On-demand paging feature allows registering memory regions without pinning
their pages. Unfortunately the feature doesn't work together will all
transports and all operations. This patch adds the ability to report on-demand
paging capabilities through the ibv_query_device_ex.

The patch also add the IBV_ACCESS_ON_DEMAND access flag to allow registration
of on-demand paging enabled memory regions.
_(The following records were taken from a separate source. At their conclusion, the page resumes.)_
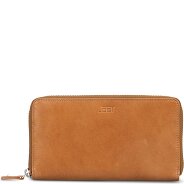Jost Rana Geldbörse RFID Schutz Leder 19 cm Produktbild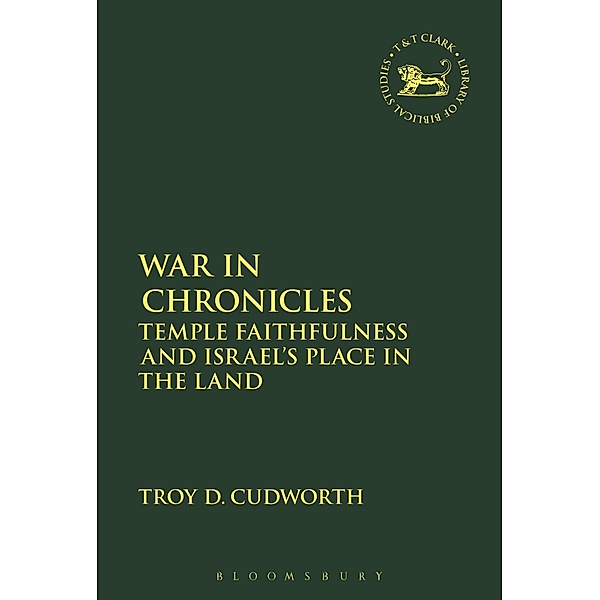 War in Chronicles, Troy D. Cudworth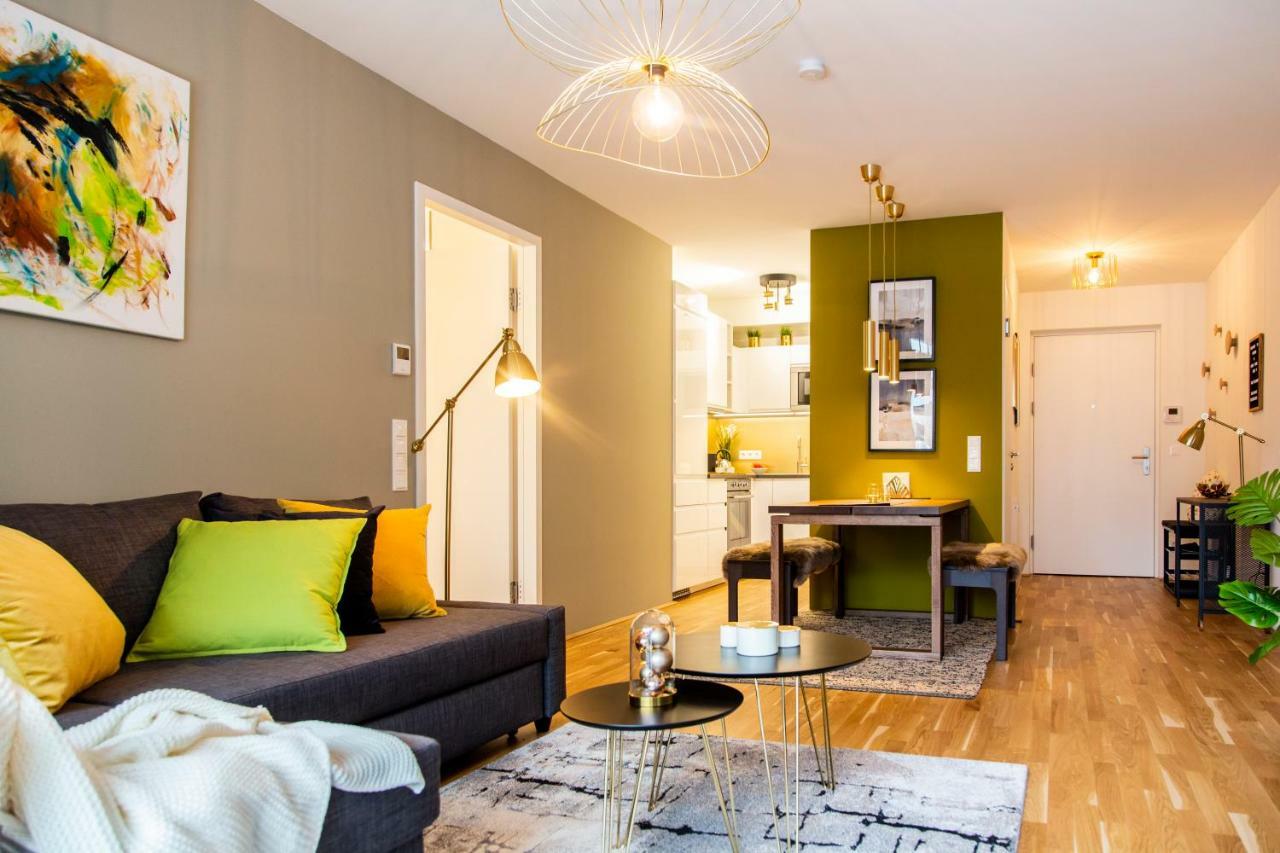 Cozy & Cool Apartment * 5 Min To City Center فيينا المظهر الخارجي الصورة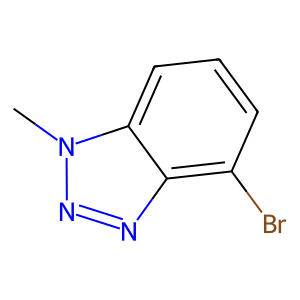 4-Bromo-1-methyl-1H-benzo[d][1,2,3]triazole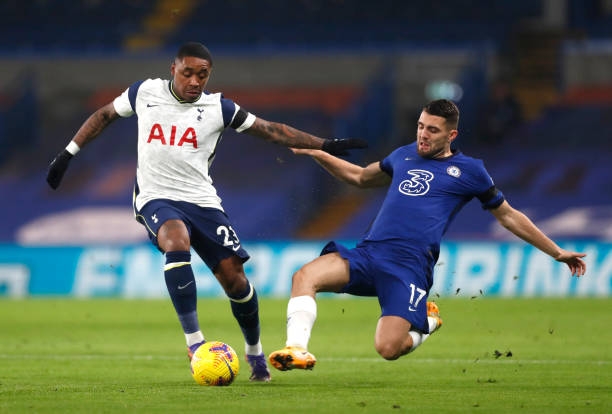 Trực tiếp Chelsea 0-0 Tottenham: Chủ nhà lấn lướt Ảnh 1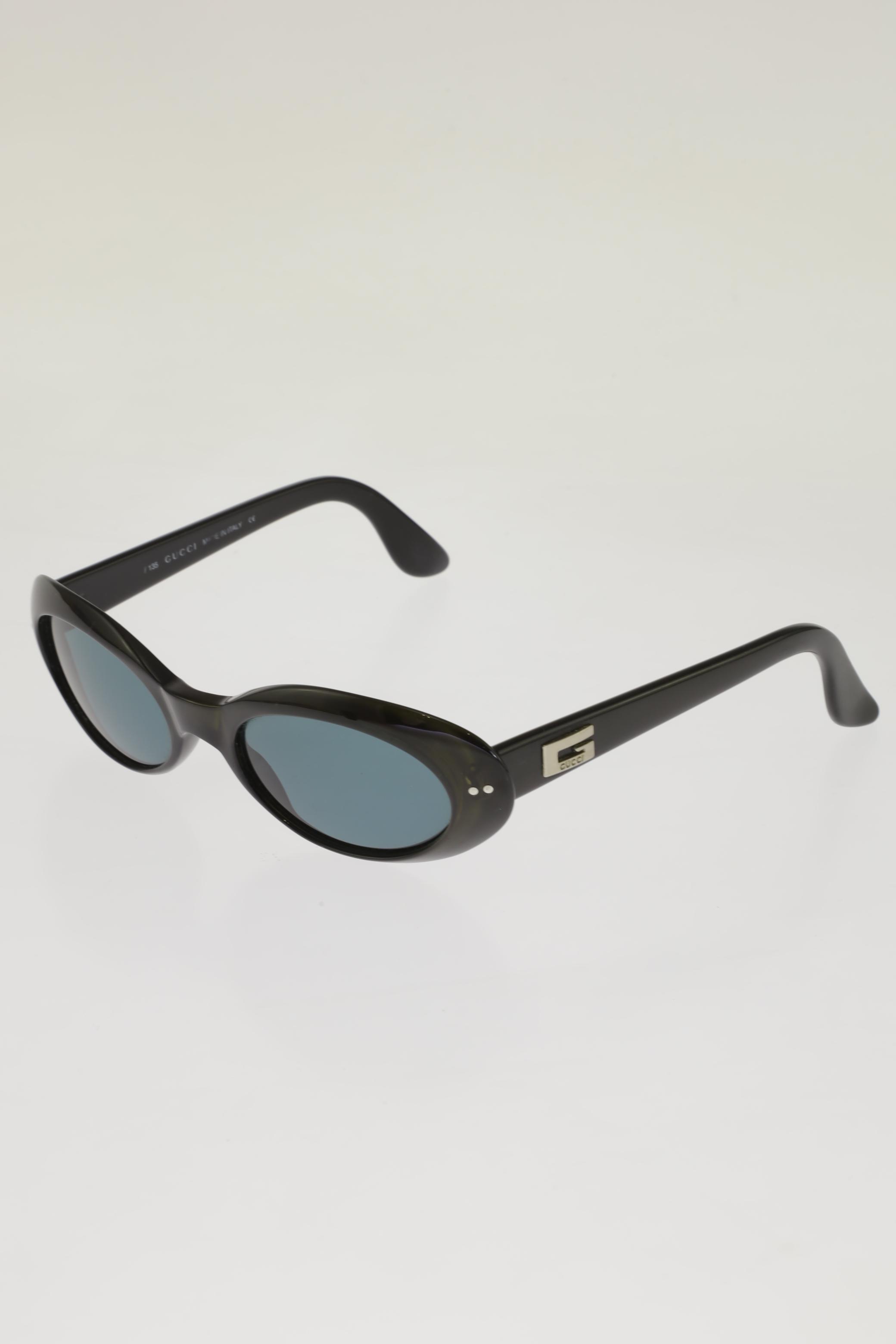 

Gucci Damen Sonnenbrille, grün, Gr.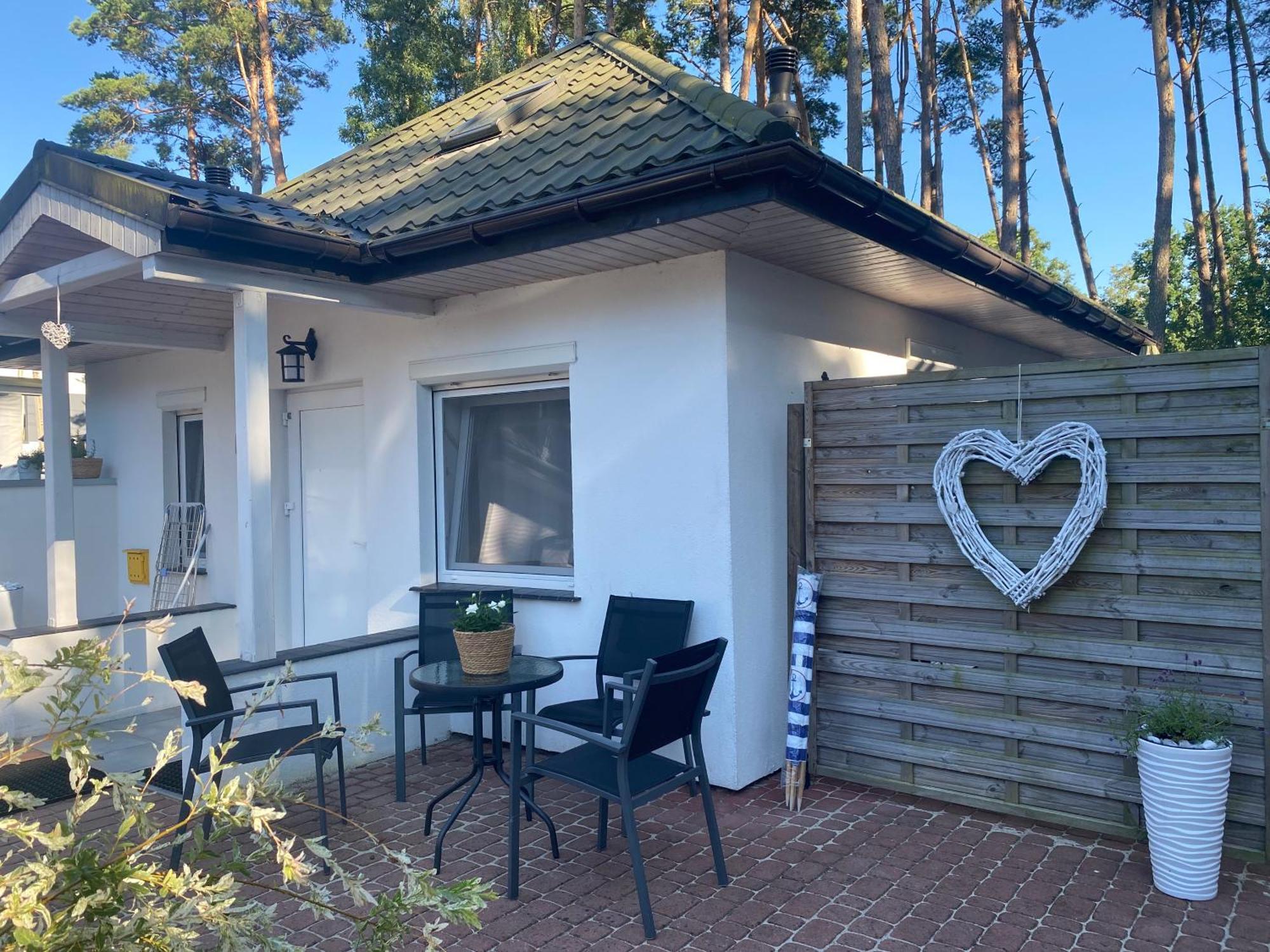 Villa Mare Apartamenty Pobierowo Extérieur photo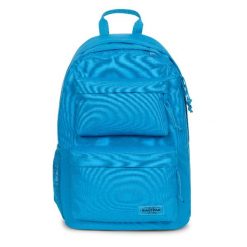 Plecak Eastpak Padded Double. Niebieskie plecaki Eastpak, bez wzorów. Za 321.00 zł.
Signed-off-by: Shachar Raindel <raindel-VPRAkNaXOzVWk0Htik3J/w@public.gmane.org>
Signed-off-by: Majd Dibbiny <majd-VPRAkNaXOzVWk0Htik3J/w@public.gmane.org>
Signed-off-by: Haggai Eran <haggaie-VPRAkNaXOzVWk0Htik3J/w@public.gmane.org>
---
 examples/devinfo.c            | 51 +++++++++++++++++++++++++++++++++++++++++++
 include/infiniband/kern-abi.h | 12 +++++++++-
 include/infiniband/verbs.h    | 25 ++++++++++++++++++++-
 man/ibv_query_device_ex.3     | 23 +++++++++++++++++++
 man/ibv_reg_mr.3              |  2 ++
 src/cmd.c                     | 11 ++++++++++
 6 files changed, 122 insertions(+), 2 deletions(-)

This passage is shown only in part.